• _What the task asks_:
Make an exact copy of the entries, and keep any pictures out of it.

• _Material for this exercise_:
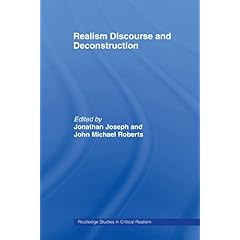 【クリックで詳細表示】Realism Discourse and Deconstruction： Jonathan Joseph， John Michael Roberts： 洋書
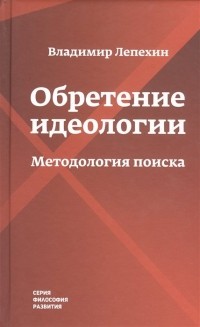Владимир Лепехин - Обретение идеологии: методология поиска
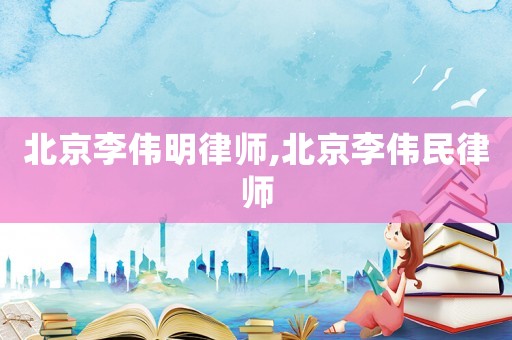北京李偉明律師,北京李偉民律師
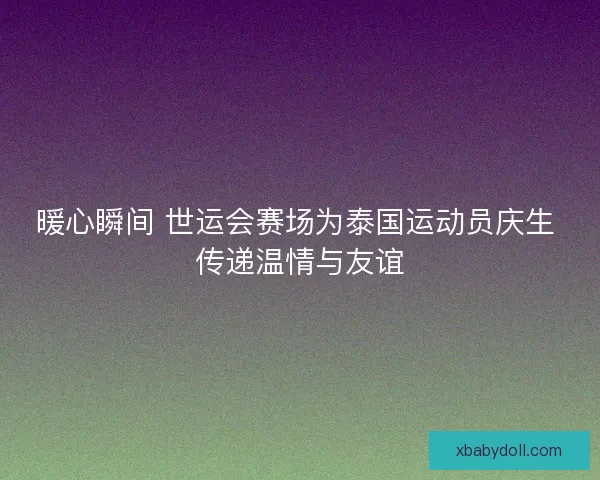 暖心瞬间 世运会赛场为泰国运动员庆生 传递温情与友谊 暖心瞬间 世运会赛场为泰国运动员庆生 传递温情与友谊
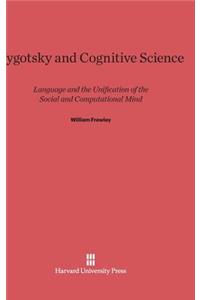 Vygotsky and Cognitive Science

• _Written answer_:
 【クリックで詳細表示】Realism Discourse and Deconstruction： Jonathan Joseph， John Michael Roberts： 洋書
Владимир Лепехин - Обретение идеологии: методология поиска
北京李偉明律師,北京李偉民律師
 暖心瞬间 世运会赛场为泰国运动员庆生 传递温情与友谊 暖心瞬间 世运会赛场为泰国运动员庆生 传递温情与友谊
 Vygotsky and Cognitive Science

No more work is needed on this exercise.